Morgan, who has spent over a decade building event-driven systems on top of Kafka, including platforms for Disney's MagicBand and large-scale betting systems, opened with the core assumption that separates Tansu from Kafka. Kafka achieves resilience by replicating data between brokers. Tansu assumes that storage is already durable and resilient, and builds everything from that premise.
The practical consequences are significant. Kafka brokers are what Morgan called "pets." They have identities, need extensive configuration, run 24/7 with four-gigabyte heaps, and scaling them down is so rare that he asked the audience whether anyone actually does it. One hand went up. Tansu brokers are "cattle." They carry no state, have no leaders, run in about twenty megabytes of resident memory, and can scale to zero and back up in roughly ten milliseconds. Morgan joked that the first rule of Kafka is not to mention you're running it, because everyone in your department will immediately want topics on your cluster.

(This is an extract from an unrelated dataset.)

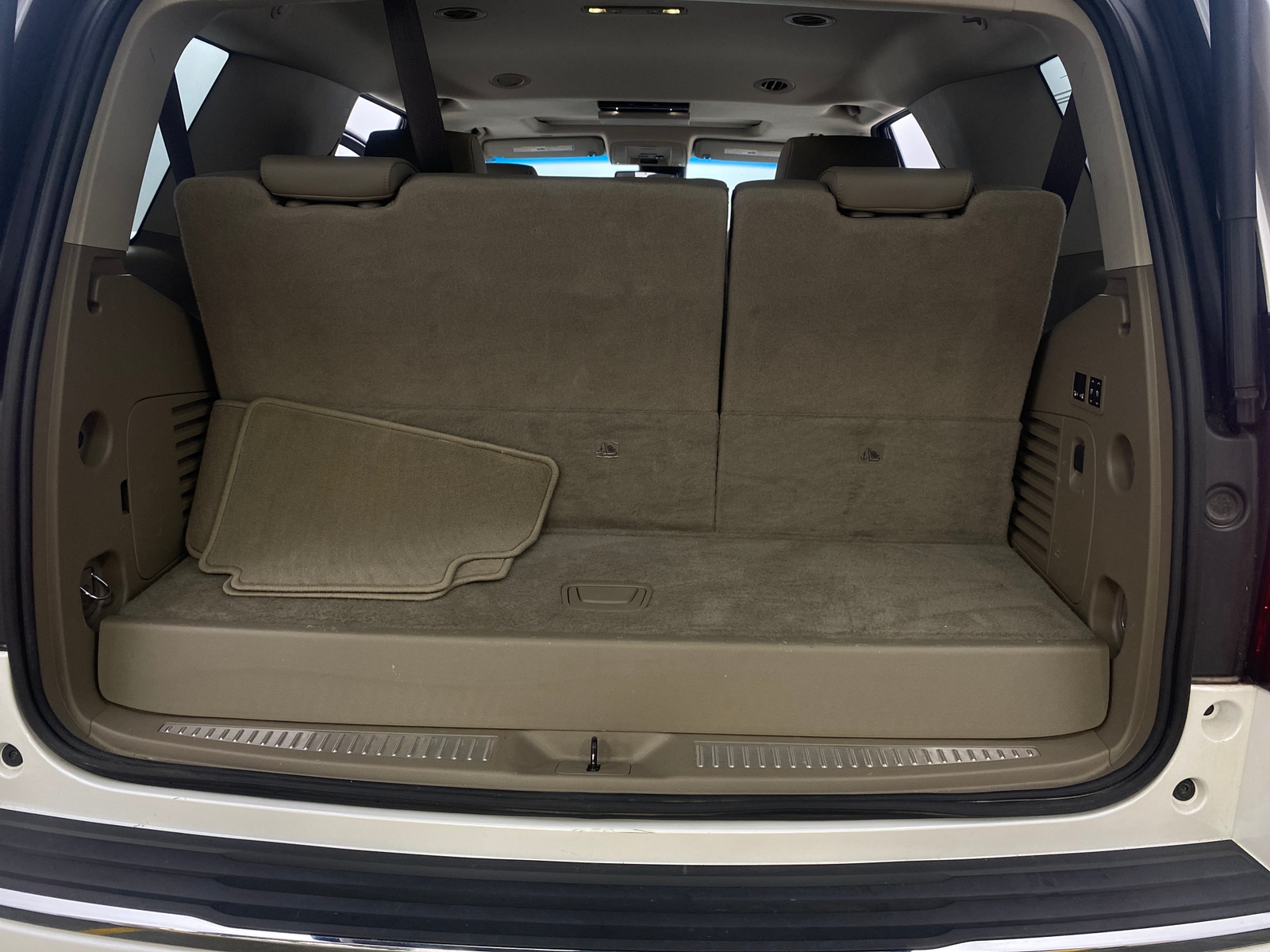 Thumbnail: 2018 Chevrolet Tahoe - 6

In a live demo, Morgan deployed Tansu to Fly.io as a forty-megabyte statically linked binary in a from-scratch container image, no operating system, just the binary and some SSL certificates. He configured it to scale to zero using Fly's proxy, created a topic with standard Kafka CLI tools, produced a message, killed the broker, and then consumed the message. The broker woke up automatically when the consumer connected. The entire deployment ran on a 256MB machine.
The storage architecture is where Tansu gets interesting. Rather than a single built-in storage engine, it offers pluggable backends selected via a URL parameter: S3 (or compatible stores like Tigris and R2) for diskless operation, SQLite for development environments where you want to copy a single file to reset state between test runs, and Postgres for teams that want their streaming data to land directly in a database. Morgan was candid about his favourite: Postgres. The original motivation for the project, he explained, was watching data flow through Kafka topics only to end up in a database anyway, and wondering why the intermediate step was necessary.
The Postgres integration goes beyond using it as a store. Morgan showed how Tansu originally used sequential INSERT statements to write records, which became a bottleneck because each execution requires a round-trip response. He replaced this with Postgres's COPY FROM protocol, which streams rows into the database without waiting for individual acknowledgements. A single COPY FROM setup, a stream of COPY DATA messages, and one COPY DONE at the end. The result is substantially higher throughput for batch ingestion. And because a produce in Tansu is just an INSERT (or COPY) and a fetch is just a SELECT, the transactional outbox pattern simply disappears: you can atomically update business data and queue a message in the same database transaction using a stored procedure that Tansu provides.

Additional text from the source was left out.